Un altro inganno percettivo fa sì che la falce lunare sembri più grande del disco effettivo della Luna, che è in ombra ma si indovina grazie alla “luce cinerea” riflessa dalla Terra. Il fenomeno, detto irradiazione, riguarda anche la “grandezza” delle stelle, parola oggi usata per indicare la loro luminosità ma che in origine si riferiva al fatto che vediamo una stella tanto più grande quanto più è luminosa.
Come al solito Galileo affrontò la questione della grandezza (estensione angolare) delle stelle in modo sperimentale ma per finalità teoriche. Se la Terra gira intorno al Sole le stelle devono mostrare un moto di parallasse annuale. Questa parallasse non si osservava, e ciò dava un forte argomento ai tolemaici. Galileo pensava che la diversa luminosità delle stelle fosse dovuta alla distanza più o meno grande. In ogni caso le stelle dovevano essere lontanissime e non incastonate nella sfera delle stelle fisse, tutte alla stessa distanza, come voleva la teoria geocentrica di Tolomeo. Di qui la difficoltà di misurarne la parallasse, troppo piccola per gli strumenti dell’epoca.
Ciò premesso, Vega doveva essere una stella abbastanza vicina in quanto è tra le stelle più luminose. Galileo provò a occultarla usando una cordicella e trovò che il suo diametro angolare era inferiore a 5”, cioè 24 volte meno di quanto supponeva Tycho Brahe. Poiché una stella brillante, e dunque vicina, risulta così piccola, la sua distanza doveva essere tale da rendere impossibile misurarne la parallasse. Ora sappiamo che tutte le stelle restano puntiformi per quanto le si ingrandisca con i più potenti telescopi. Il loro diametro apparente è sotto il millesimo di secondo d’arco.
Chiudiamo tornando alla Luna. Sappiamo dagli astronauti che il suo colore varia dal nero della lavagna al grigio del cemento. Eppure in cielo pare bianca. Perché?
Nel 1929 lo psicologo tedesco Adhémar Gelb l’ha spiegato con un esperimento. Sospese un disco nero in una stanza buia e puntò su di esso un faro nascosto all’osservatore. Poiché la luce era ben collimata sul bersaglio nero, il resto della stanza rimaneva in ombra. In queste condizioni, il disco nero appariva bianco. Se però un foglietto di carta bianca veniva posto vicino al disco dentro il fascio di luce, di colpo il disco sembrava grigio. Togliendo il pezzo di carta, il disco nero ridiventava chiaro.

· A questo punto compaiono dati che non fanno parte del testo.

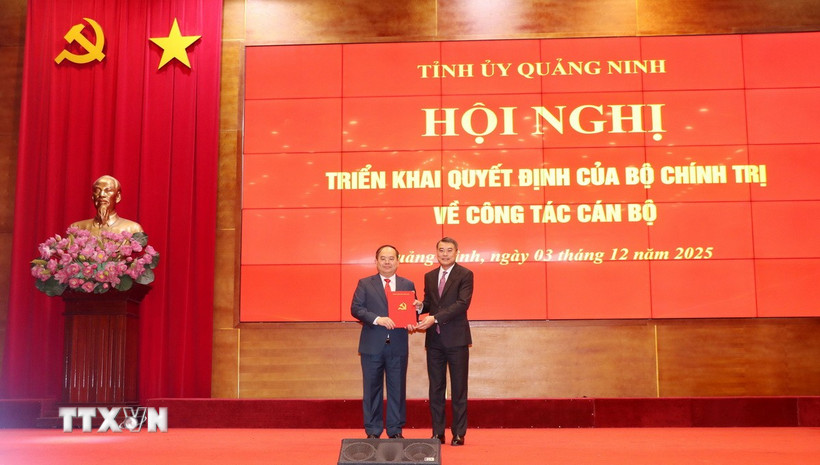 Ủy viên Bộ Chính trị, Bí thư Trung ương Đảng, Trưởng Ban Tổ chức Trung ương Lê Minh Hưng (phải) trao Quyết định cho tân Bí thư Tỉnh ủy Quảng Ninh Quản Minh Cường. (Ảnh: Văn Đức/TTXVN)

In sintesi: la Luna è scura come una lavagna ma la piccola parte di luce solare che riflette è un miscuglio di colori che i nostri occhi vedono bianco. Per completare il discorso occorre però ricordare un argomento che Galileo sviluppa nel “Dialogo dei massimi sistemi”: la diffusione della luce del Sole da parte della Luna avviene perché la sua superficie non è liscia come volevano gli aristotelici ma scabra. Sono le asperità lunari, orientate nelle più varie direzioni, a riflettere la luce solare. Galileo vide le montagne della Luna al telescopio, ma le avrebbe scoperte anche solo con gli occhi della mente.